Outre leurs activités de soin, ces professionnel-les participeront aussi à des actions de santé publique, de prévention et d’éducation à la santé.
Là encore, la mise en œuvre de cette initiative est pour le moins lente.
Les praticiens cherchent un local depuis avril 2020.
La Mairie du 1er les a rencontrés en juin 2021 et les accompagne depuis.
Et comme évoqué, l’équipe s’installera fin 2022, voire début 2023, soit plus de 2 ans plus tard !

Troisième exemple,
Il est envisagé que des professionnels de santé libéraux s’établissent avec le Centre Hospitalier Le Vinatier, dans leur local, rue des Pierres Plantées.
L’objectif est de collaborer avec les services sectorisés de psychiatrie de la personne âgée qui ouvriront, quant à eux, avant l’été 2022.
Nous travaillons sur le sujet, avec la Mairie du 4e et le Vinatier, depuis octobre 2021. Le 4 mars dernier, nous avons organisé un premier webinaire pour mobiliser les différents corps de métiers du secteur de la santé.
Le projet ne verra le jour qu’en 2024. Et encore faut-il trouver des aides financières pour assurer l’animation et l’accompagnement des professionnels de santé, et ce, pour qu’ils répondent aux cahiers des charges d’une MSP (maison de santé pluri-professionnelle) et d’une CPTS (communauté professionnelle territoriale de santé).

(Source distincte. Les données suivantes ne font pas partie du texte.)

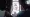 Trainers collectively battling in a Time Square-style setting in the first Pokémon Go trailer, with them looking up at Poké Balls on a building.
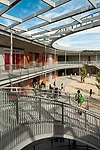 A large, round central courtyard, surrounded by covered walkways, is a hub of activity.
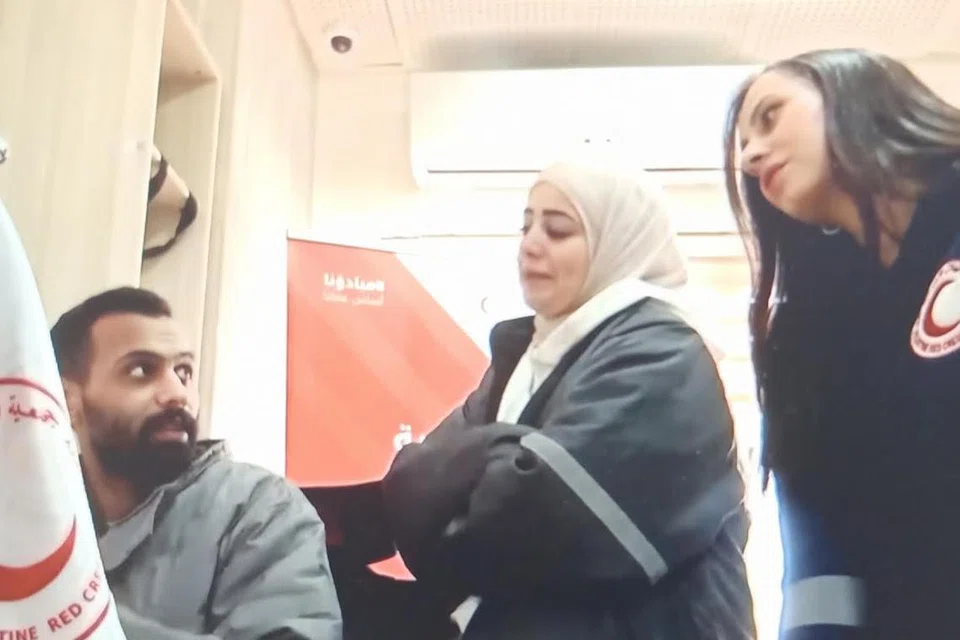 Seorang pegawai Bulan Sabit Merah Palestin mendengarkan rakaman audio perbualan dengan budak berusia enam tahun yang terperangkap dalam kereta bersama keluarganya yang sudah meninggal dunia.  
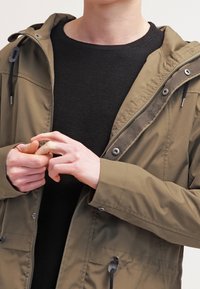 Olive zelená bunda se zapínáním na zip vpředu, nastavitelnou kapucí a stahovacím páskem v pase. Pod ní černý strukturovaný svetr, ruce sepnuté před tělem.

Pour faciliter l’accueil de praticiens, la Ville de Lyon dispose de plusieurs leviers : le futur contrat local de santé en cours d’élaboration, des financements complémentaires à l’ARS ou à la CPAM, la mise à disposition de locaux, la création d’un centre de santé municipal ou encore le droit de préemption.
Charge à nous de la mobiliser pour disposer d’outils adaptés à notre arrondissement et à nos besoins de santé.

Et quoiqu’il en soit, nous, élus du 1er, restons déterminés et engagés pour continuer à faire émerger ce type de projets.
Notre pugnacité est un autre levier dont la Ville de Lyon dispose.